In 1970 Sondheim came back to Broadway with a vengeance. Company, in which he teamed with producer-director Harold Prince, was a clinical study of contemporary urban, upper-middle-class people and dissected their personal relationships with “lacerating honesty.” The show jolted the theater’s creative community as no other musical had done in recent years. Company charted new territories and boldly moved away from the syrupy conventions of the musical theater. It also perfectly integrated the book, music and direction into a seamless, cohesive whole, without sacrificing any one element in its make-up. As a result, the musical theater emerged totally rejuvenated. The legacy of Company can be traced all the way to William Finn’s Falsettos and to the works of Rupert Holmes and Brian Gari, among others who owe a major debt to Sondheim.

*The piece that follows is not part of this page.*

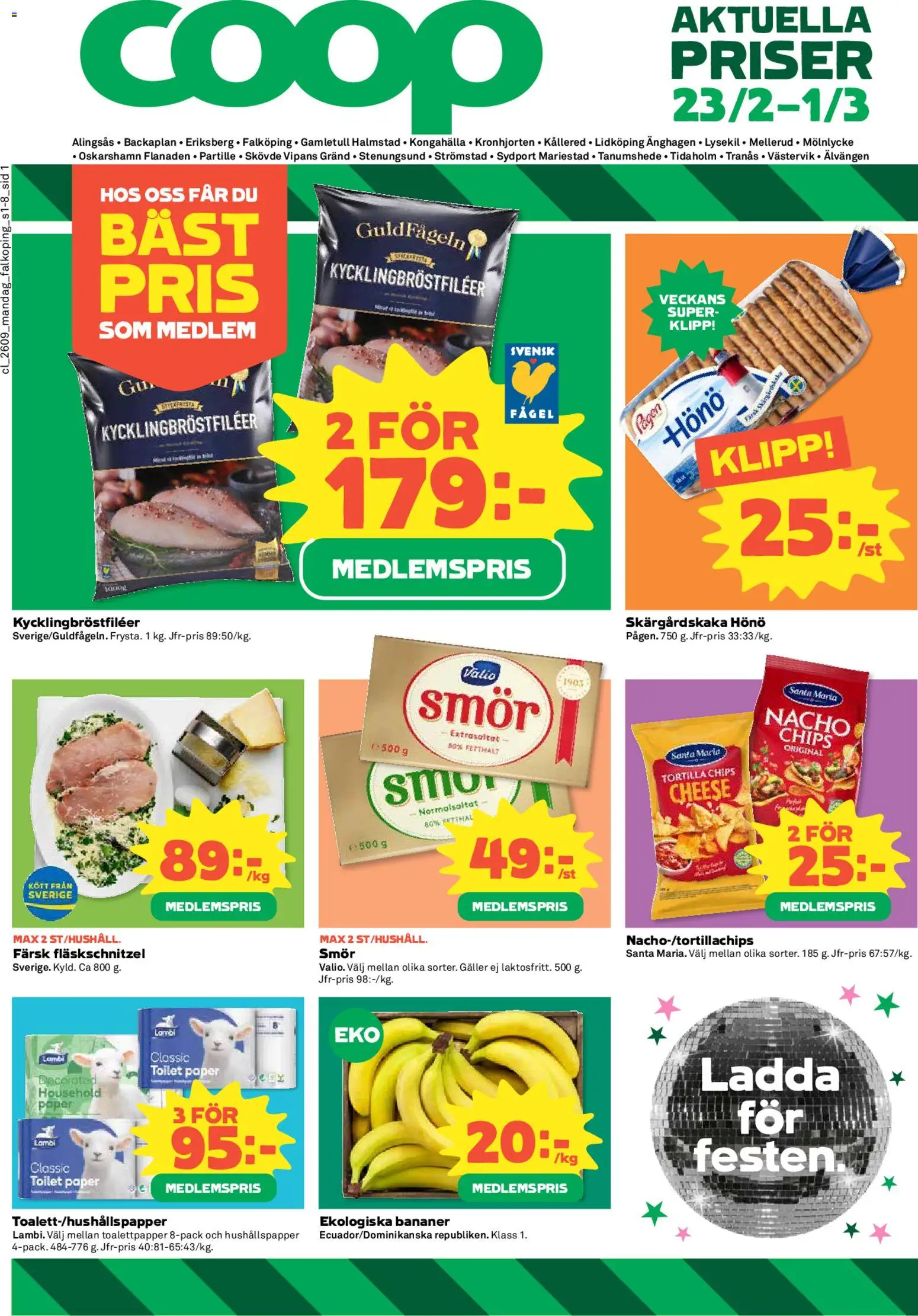 Coop reklamblad aktuell från 23.02.2026 | Sida: 1 | Produkter: Toalettpapper, Hushållspapper, Chips, Bananer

In subsequent efforts, many of them created with Hal Prince, Sondheim further expanded his horizons, matching the inventiveness of his concepts with his uncanny ability never to tread twice over the same formula. Thus, Follies (1971) revealed the sour reality in the lives of former showgirls reunited in the theater that had once been the scene of their youthful dreams, using as a counterpoint the sparkle and false glitter of the Ziegfeld-like revues in which they had starred; A Little Night Music (1973) ventured into an elegant turn-of-the-century romance based on Ingmar Bergman’s frothy comedy of manners Smiles of a Summer Night; Sweeney Todd (1979) was a Grand Guignol entertainment about a murderous barber, with its score matching in intensity the harshness of this gory tale of mayhem and revenge in 1880’s London; Pacific Overtures (1976) freely adapted the style of the Japanese Noh theater to describe that country’s introduction to Western civilization; Merrily We Roll Along (1981) told its story about the rise and increasing isolation of a successful songwriter, using an unusual flashback technique; Sunday in the Park with George (1984) employed a musical pointillism, well in keeping with its subject matter about Seurat and the birth of modern painting; and Into the Woods (1989), Sondheim’s last effort seen on Broadway at this writing, twisted some familiar Grimm fairy tales to arrive at unsuspected conclusions.

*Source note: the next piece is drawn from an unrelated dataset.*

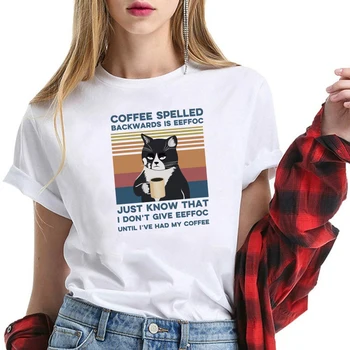Kavos Parašyti Atgal, Eeffoc Katė Spausdinti marškinėliai Moterims 2020 Grafinis Tee Juokinga Moters Tshirts Atsitiktinis Trumpas Rankovės Drabužiai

“I enjoy writing about neurotic people, troubled people, people with conflicts,” Sondheim once stated. “I don’t like to write about oversimplified people unless it’s for something like a farce, like Forum. Songs can’t develop uncomplicated characters and unconflicted people.” This songbook clearly exemplifies the point. Beginning with Anyone Can Whistle, the Sondheim songs appeared as unsettling question marks about the vagaries of life, its quirky turns and its perceived unfairness. Selected for their lyrical and musical content as much as for what they may say about their creator and his enriching view on life, the songs present only a few facets of an incredible talent, whose influence on Broadway and the musical theater is far from being over.